In course of time, heads were set upon these stones. Among many others, a Neptune at Tricoloni and a Jupiter at Tegea, both places in Arcadia, were of this kind. […] The first images of the Greeks, therefore, manifest originality in the invention and production of a figure … Four‐cornered stones with heads on them were termed by the Greeks, as it is well known, Hermæ, that is, big stones; and artists constantly kept a supply of them.
The accounts in authors and the ancient monuments will enable us to follow the progressive improvement in the conformation of this rough draught and rude beginning of a figure. At the commencement, there was observable on the middle of these stones with heads merely the difference in sex, which an ill‐shaped face probably left doubtful … At last, the upper part of the figure received its form, while the lower portion still retained its previous shape of a Hermes, yet so far modified that the separation of the thighs was denoted by an incision. […]

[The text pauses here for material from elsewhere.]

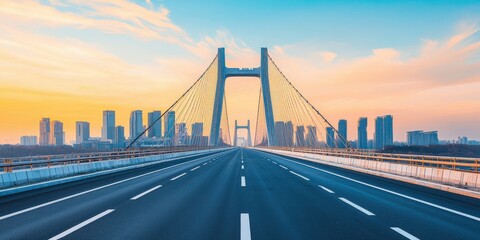 Construction infrastructure highway progress concept. Modern bridge with skyline under a colorful sunset.
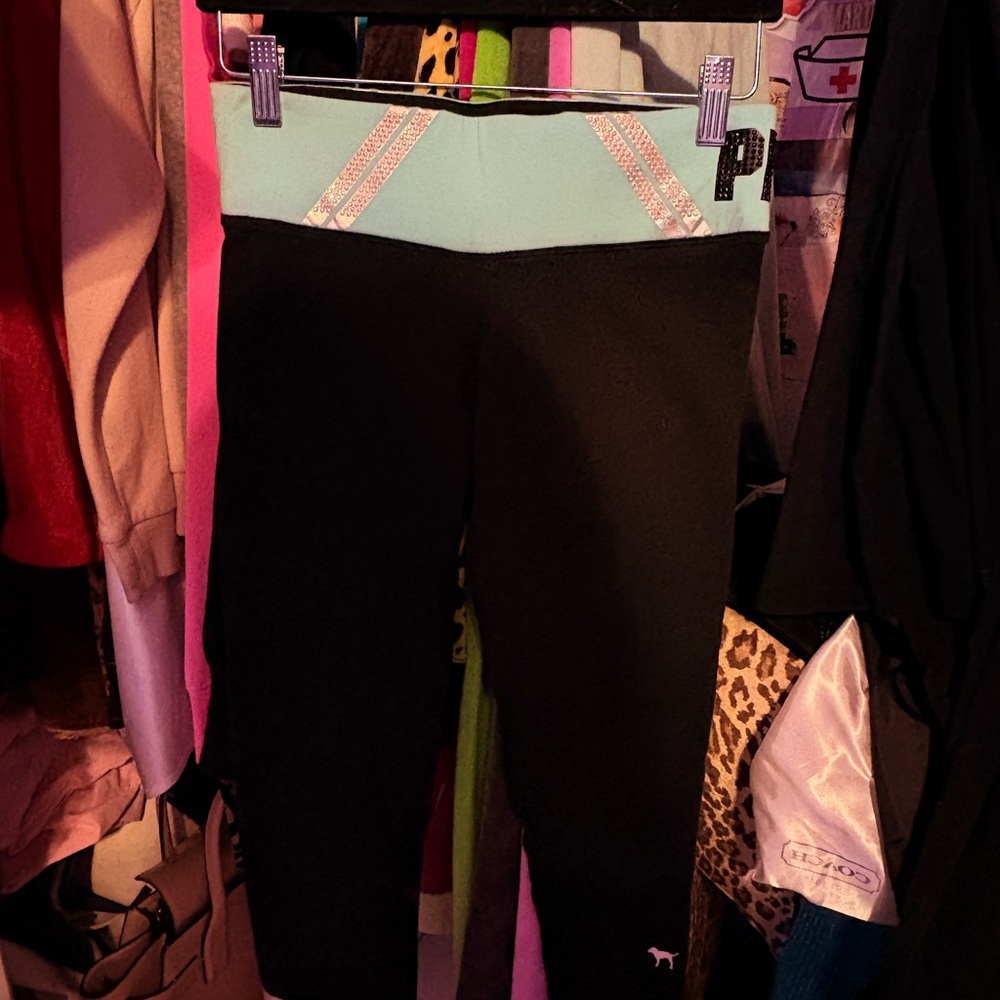 Kids Black and Light Blue Leggings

At last, Dædalus, according to the opinion most commonly received, began to separate entirely the lower half of these Hermæ, in the form of legs; and, as there was not sufficient skill in art at that time to fashion an entire human figure from a single block of stone, he wrought in wood; and from him the first statues are said to have received the name of Dædali….
Among the Greeks the first outlines of these images were simple, and, for the most part, straight lines; and it is probable, that, in the infancy of art, whether among the Egyptians, Etruscans, or Greeks, there was no difference in this respect. […]
In the course of time, increasing knowledge taught the Etruscan and Greek artists how to forsake the stiff and motionless conformations of their earliest essays, to which the Egyptians adhered, – compulsorily adhered, – and enabled them to express different actions in their figures.